(Captioned web image data)
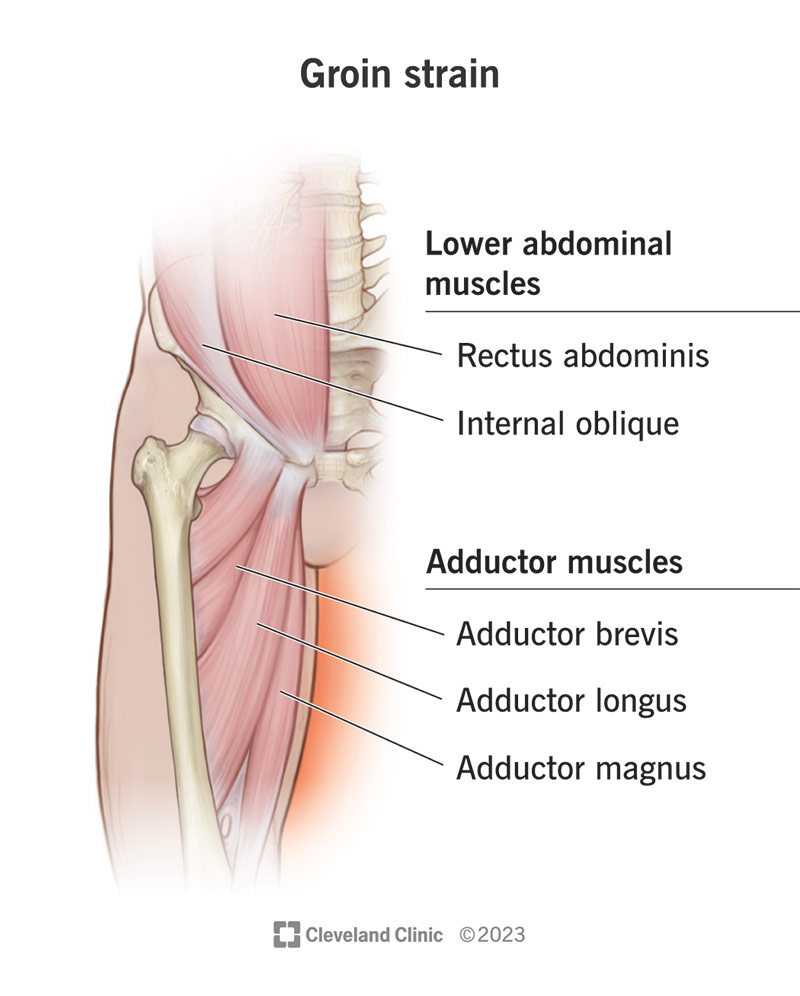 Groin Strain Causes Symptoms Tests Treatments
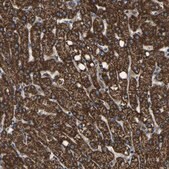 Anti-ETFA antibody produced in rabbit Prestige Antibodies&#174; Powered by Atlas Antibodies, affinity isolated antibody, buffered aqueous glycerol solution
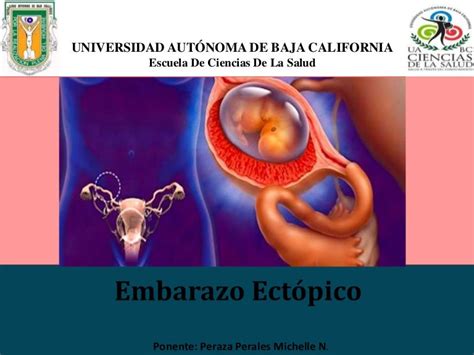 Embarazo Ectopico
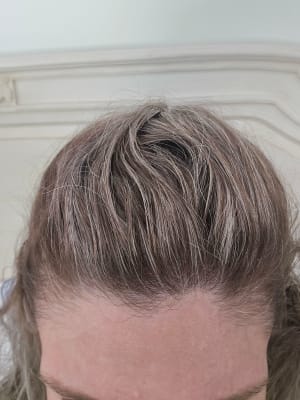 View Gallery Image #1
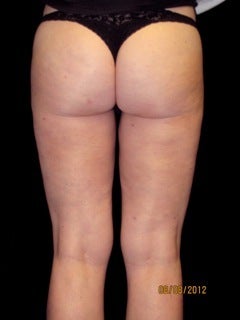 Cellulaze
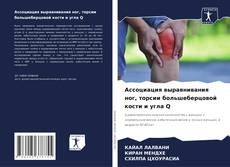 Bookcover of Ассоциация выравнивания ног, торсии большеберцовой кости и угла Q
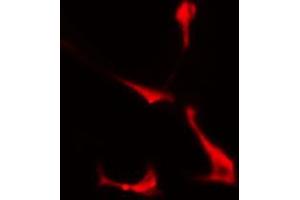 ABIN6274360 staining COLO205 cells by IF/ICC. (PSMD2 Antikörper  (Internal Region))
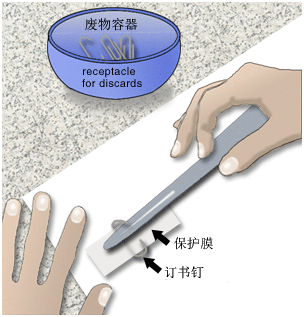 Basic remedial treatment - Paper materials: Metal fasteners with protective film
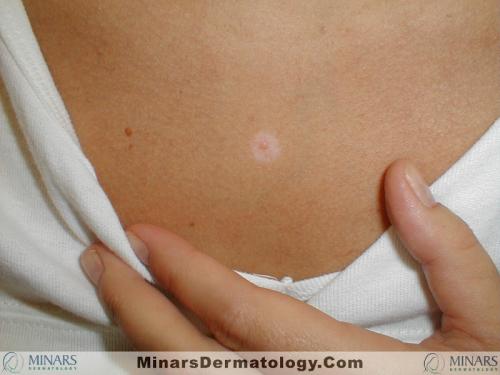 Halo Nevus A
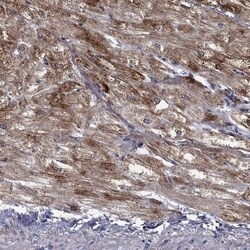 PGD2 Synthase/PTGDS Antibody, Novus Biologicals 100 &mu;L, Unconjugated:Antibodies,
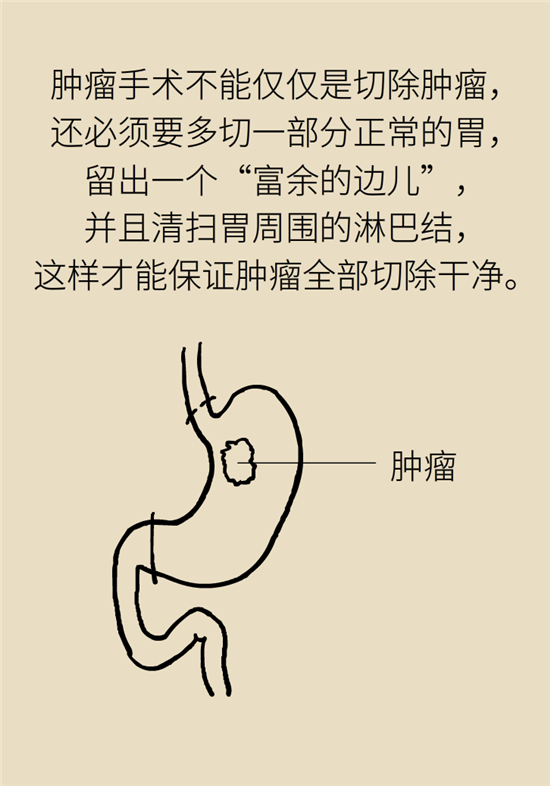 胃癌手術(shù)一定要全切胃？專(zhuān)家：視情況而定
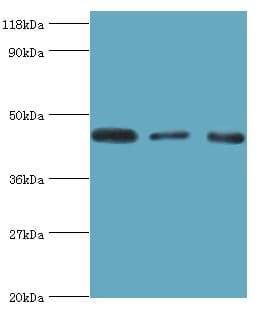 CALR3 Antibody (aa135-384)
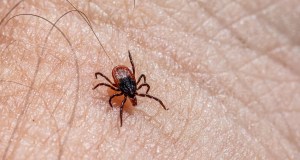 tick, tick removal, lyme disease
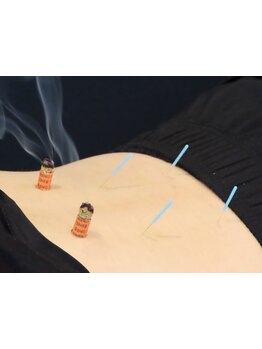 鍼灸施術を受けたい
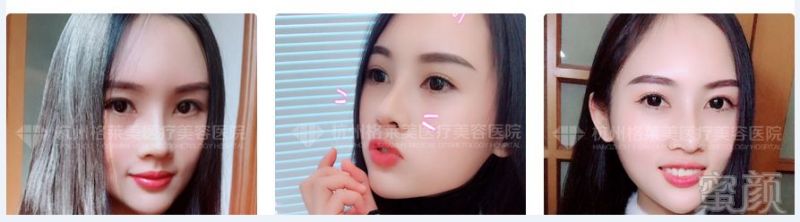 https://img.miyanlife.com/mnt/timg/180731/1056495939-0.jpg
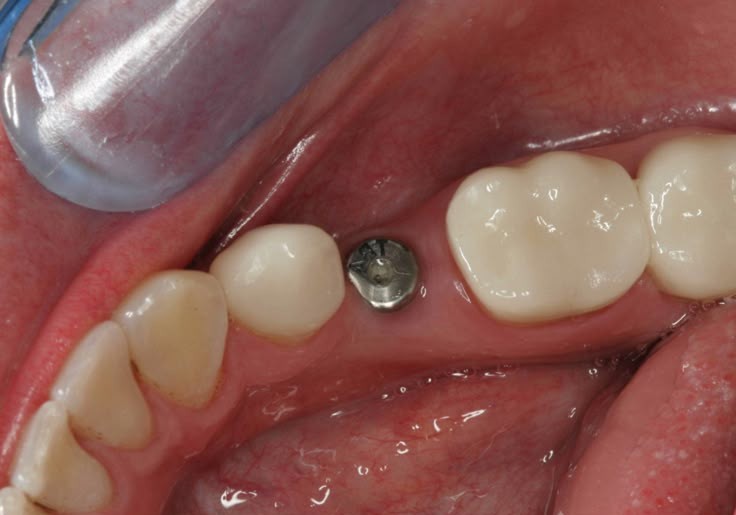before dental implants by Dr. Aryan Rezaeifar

▸ **Task objective**: Once you find the line containing "ABIN6274360 staining COLO205", retype it and every line after it through the last line of the records above, exactly. Add nothing else, and leave out the pictures.

▸ **Task response**:
 ABIN6274360 staining COLO205 cells by IF/ICC. (PSMD2 Antikörper  (Internal Region))
 Basic remedial treatment - Paper materials: Metal fasteners with protective film
 Halo Nevus A
 PGD2 Synthase/PTGDS Antibody, Novus Biologicals 100 &mu;L, Unconjugated:Antibodies,
 胃癌手術(shù)一定要全切胃？專(zhuān)家：視情況而定
 CALR3 Antibody (aa135-384)
 tick, tick removal, lyme disease
 鍼灸施術を受けたい
 https://img.miyanlife.com/mnt/timg/180731/1056495939-0.jpg
before dental implants by Dr. Aryan Rezaeifar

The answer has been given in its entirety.